Records contained in a dataset:
• • • • •

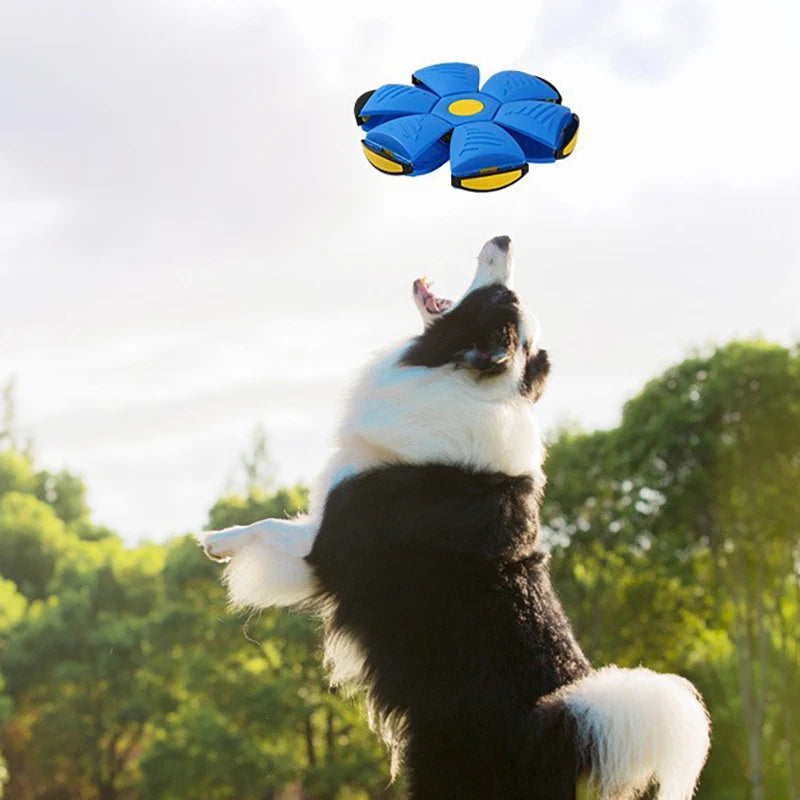 Brinquedo Voador para Cães com Função 2 em 1 - SkyHound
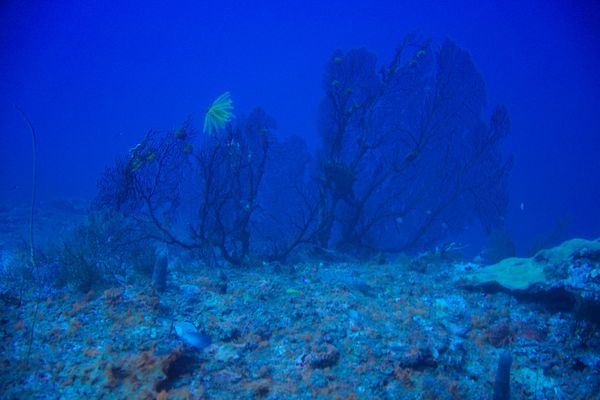 Sous l'eau à moins 60 mètres !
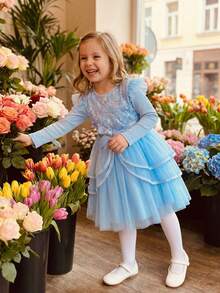 Toddler Dress Girls Ruffle Long Sleeve Layered Tulle Dress Fall Spring Fashion Party Dresses 3-10T, Kids Holiday Birthday Wedding Outfit - 天藍 - 查看 2
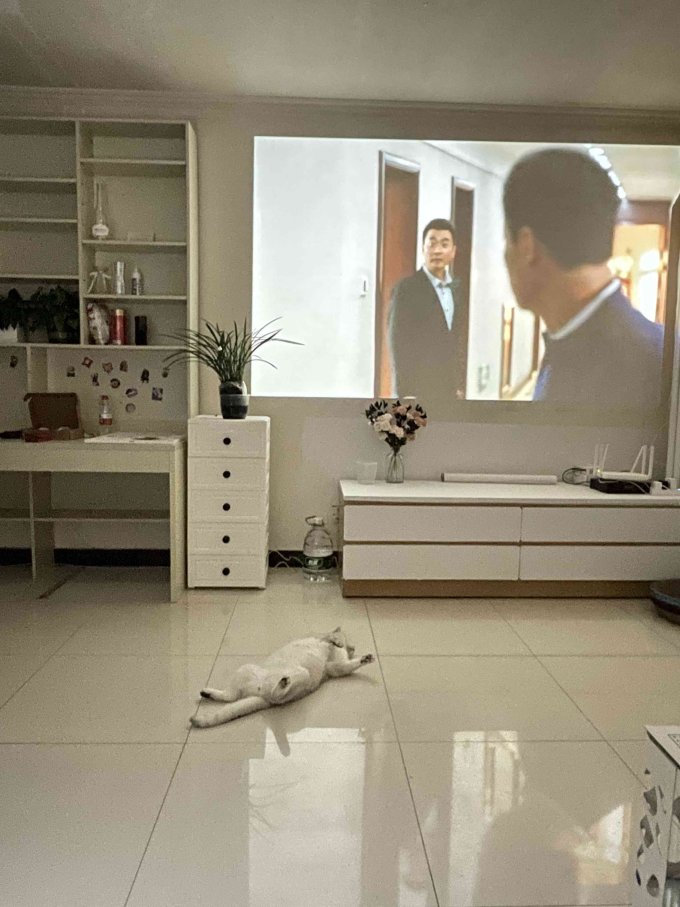 极米投影投影仪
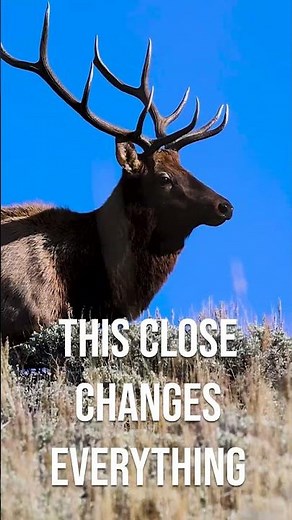 Close Encounters: Wyoming Elk Hunting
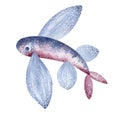 Flying fish watercolor illustration. Marine inhabitants of the underwater world. Royalty Free Stock Photo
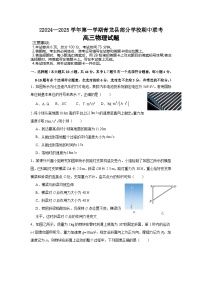 河北省秦皇岛市青龙满族自治县青龙部分学校2024-2025学年高三上学期11月期中联考物理试题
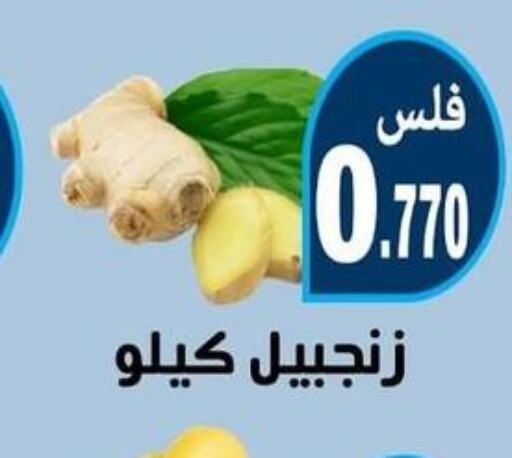  Ginger  in جمعية الرحاب التعاونية in الكويت - مدينة الكويت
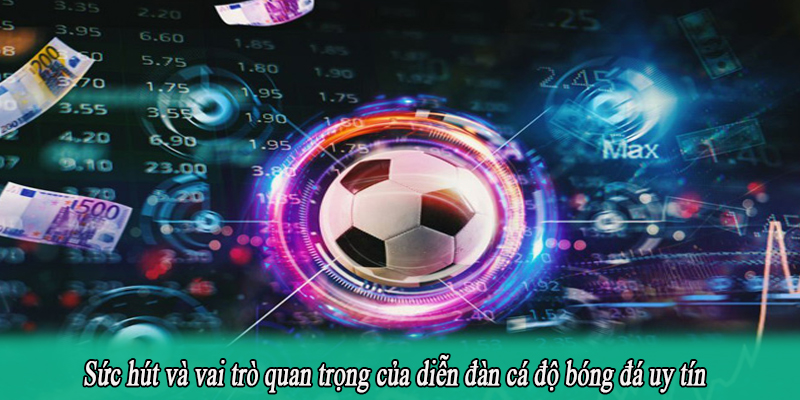 Sức hút và vai trò quan trọng của diễn đàn cá độ bóng đá uy tín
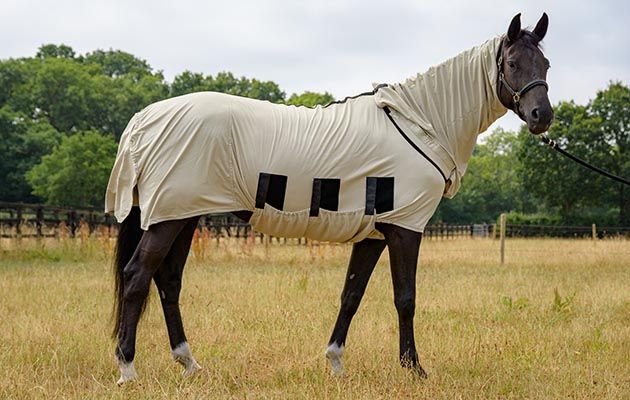 Snuggy Hoods Bug Body Fly Rug review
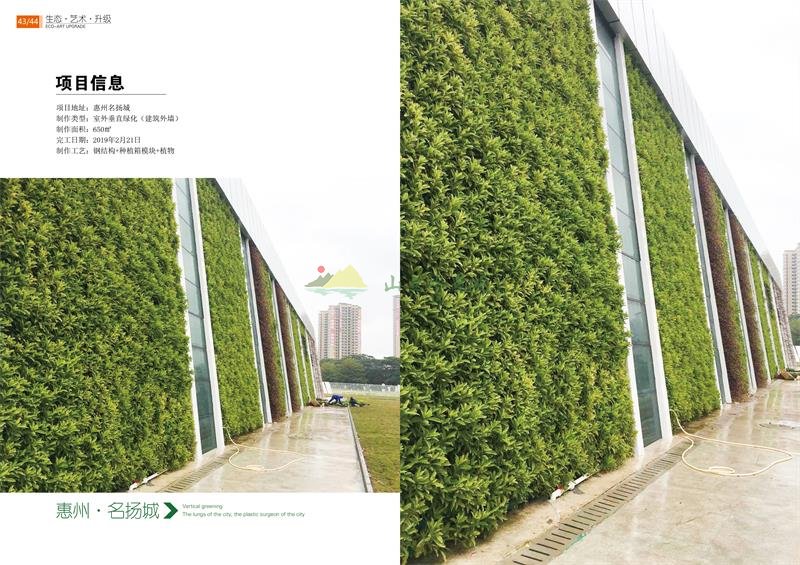 惠州名扬城室外垂直绿化植物墙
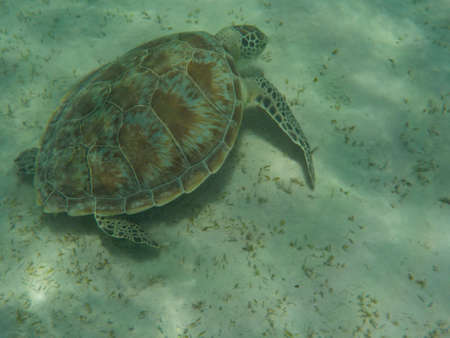 turtle eating seaweed colder in a lagoon of the Red Seaの写真素材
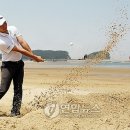충청남도 태안군청소년수련관 이미지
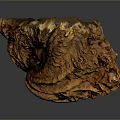 Detailed Anatomical Organ Structure With Natural Hair Texture And Features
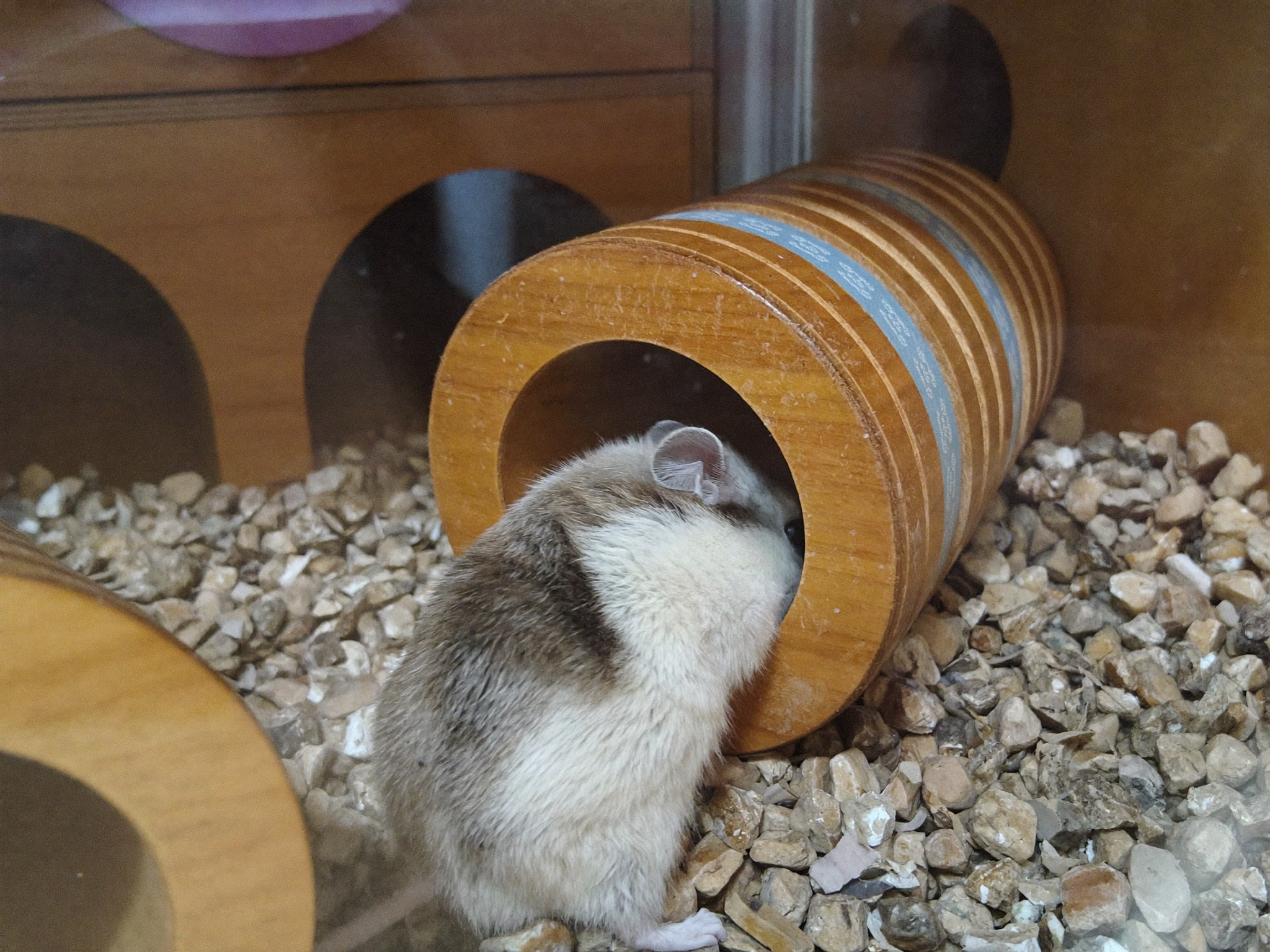 Wrenwood pets at home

• • • • •

Task statement
Set down all the entries exactly as they appear, but skip any pictures.

Exercise output
 Brinquedo Voador para Cães com Função 2 em 1 - SkyHound
 Sous l'eau à moins 60 mètres !
 Toddler Dress Girls Ruffle Long Sleeve Layered Tulle Dress Fall Spring Fashion Party Dresses 3-10T, Kids Holiday Birthday Wedding Outfit - 天藍 - 查看 2
 极米投影投影仪
 Close Encounters: Wyoming Elk Hunting
 Flying fish watercolor illustration. Marine inhabitants of the underwater world. Royalty Free Stock Photo
 河北省秦皇岛市青龙满族自治县青龙部分学校2024-2025学年高三上学期11月期中联考物理试题
  Ginger  in جمعية الرحاب التعاونية in الكويت - مدينة الكويت
 Sức hút và vai trò quan trọng của diễn đàn cá độ bóng đá uy tín
 Snuggy Hoods Bug Body Fly Rug review
 惠州名扬城室外垂直绿化植物墙
 turtle eating seaweed colder in a lagoon of the Red Seaの写真素材
충청남도 태안군청소년수련관 이미지
 Detailed Anatomical Organ Structure With Natural Hair Texture And Features
 Wrenwood pets at home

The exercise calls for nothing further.